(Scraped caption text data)
=======

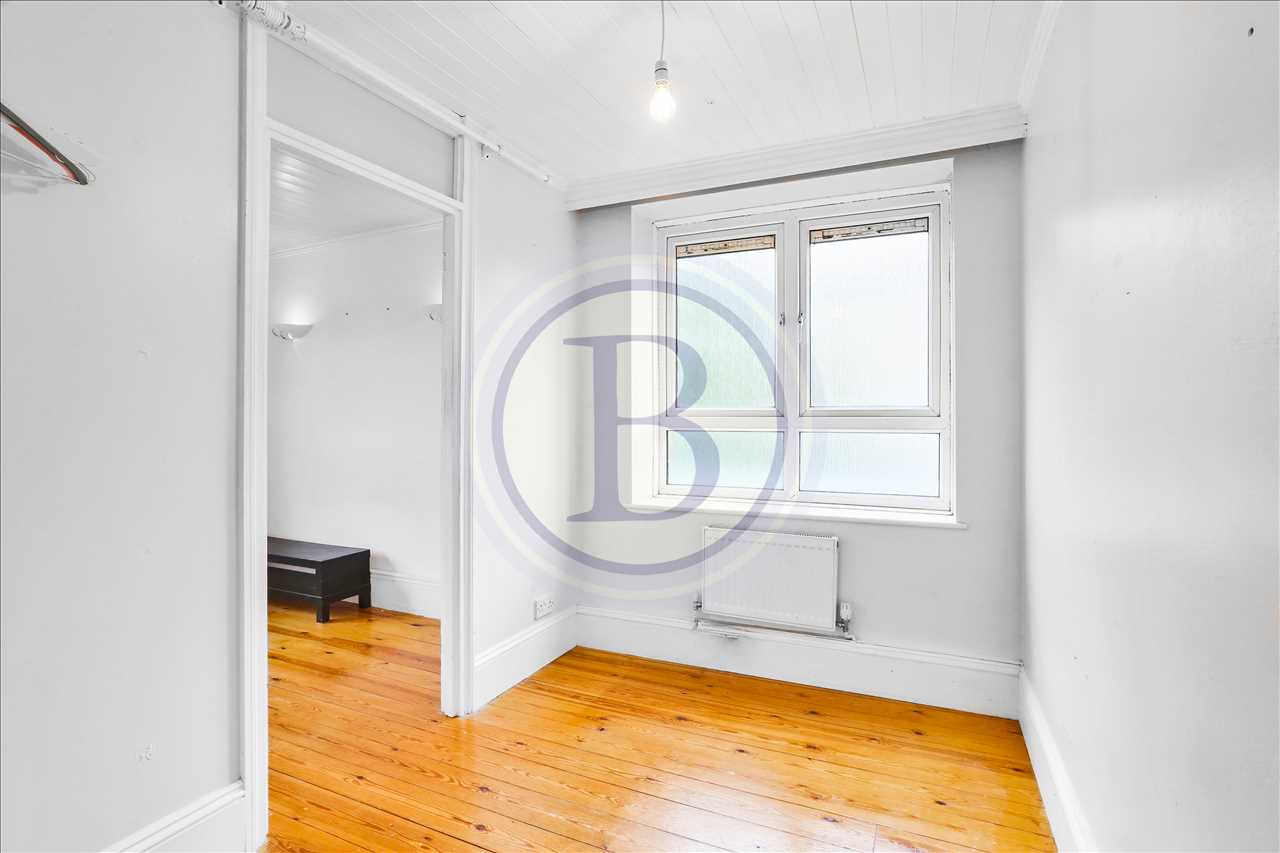 2 bed flat for sale in Dalmeny Avenue 8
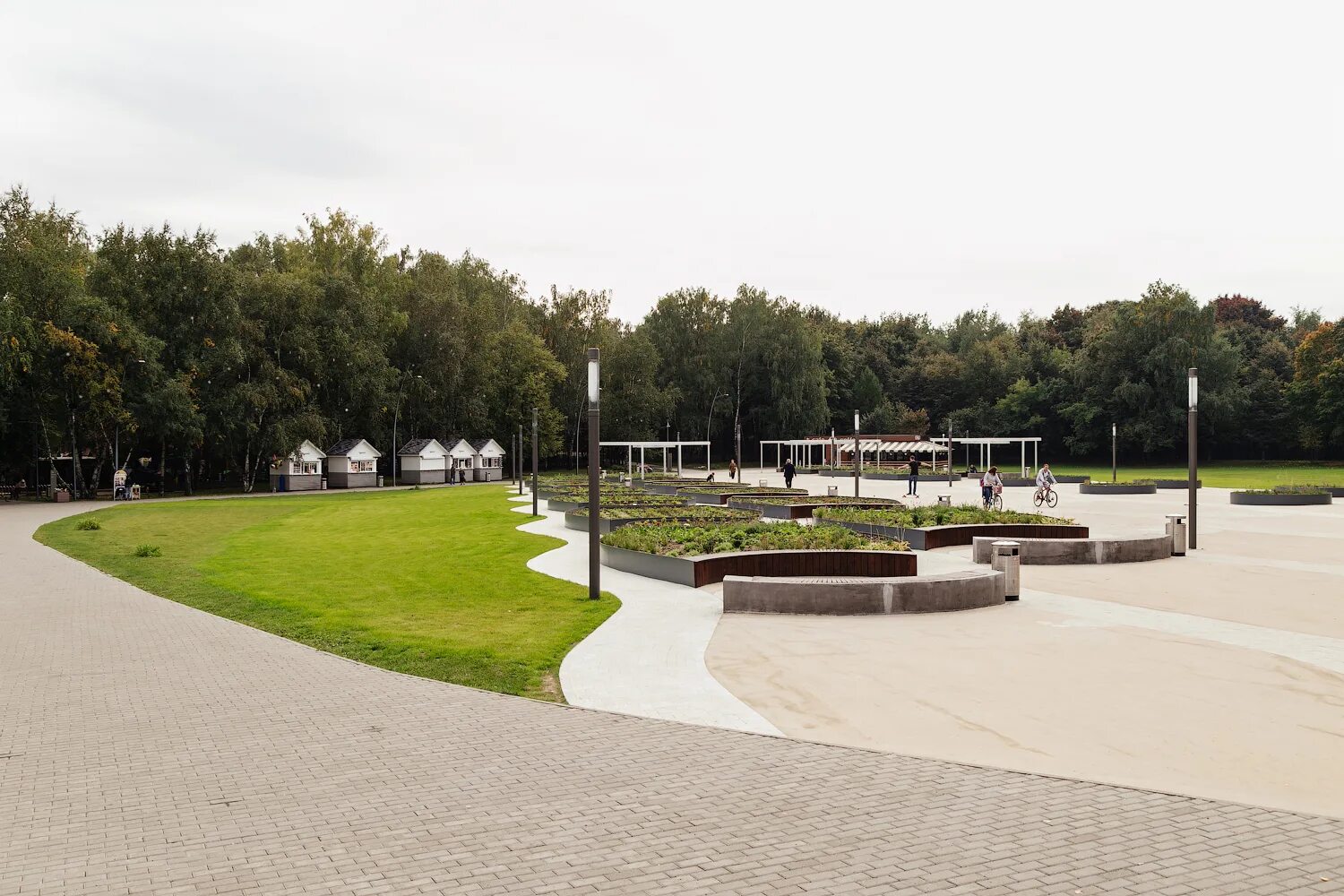 Парк рядом с парком культуры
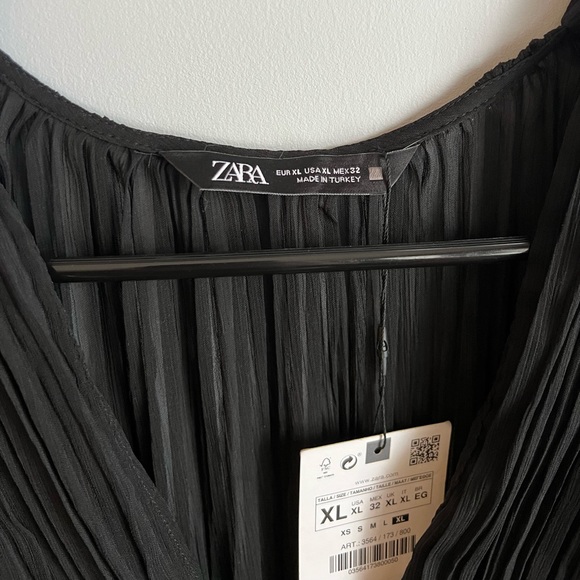 Zara - Black V-neck Top - Size XL - Picture 4 of 4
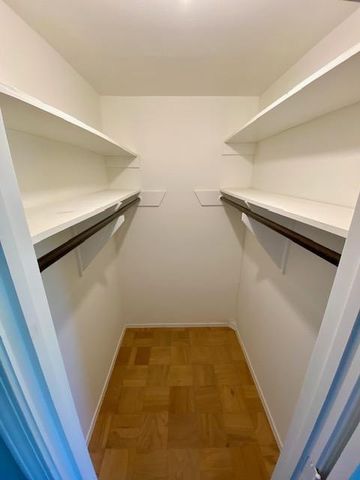 6002 Effingham Drive, Houston, TX 77035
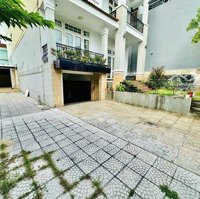 Cho Thuê Biệt Thự Sân Vườn 5 Tầng Mặt Tiền 30/4 Có Thang Máy
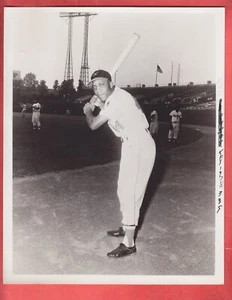 1959 BALTIMORE ORIOLES 8 X 10 GLOSSY TYPE 1 WILLIE TASBY ROOKIE - Picture 1 of 2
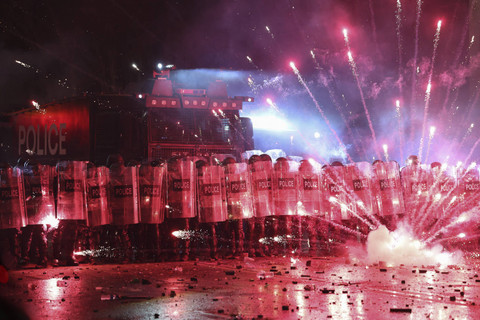 Polisi mencoba membubarkan para pengunjuk rasa dalam sebuah demonstrasi menentang keputusan pemerintah untuk menunda pembicaraan keanggotaan Uni Eropa, di dekat gedung Parlemen di pusat kota Tbilisi pada tanggal 30 November 2024. Foto: Giorgi Arjevanidze/AFP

=======

**Your goal**
Set down the data again, exactly, without images.

**Response to the exercise**
 2 bed flat for sale in Dalmeny Avenue 8
 Парк рядом с парком культуры
 Zara - Black V-neck Top - Size XL - Picture 4 of 4
 6002 Effingham Drive, Houston, TX 77035
 Cho Thuê Biệt Thự Sân Vườn 5 Tầng Mặt Tiền 30/4 Có Thang Máy
 1959 BALTIMORE ORIOLES 8 X 10 GLOSSY TYPE 1 WILLIE TASBY ROOKIE - Picture 1 of 2
 Polisi mencoba membubarkan para pengunjuk rasa dalam sebuah demonstrasi menentang keputusan pemerintah untuk menunda pembicaraan keanggotaan Uni Eropa, di dekat gedung Parlemen di pusat kota Tbilisi pada tanggal 30 November 2024. Foto: Giorgi Arjevanidze/AFP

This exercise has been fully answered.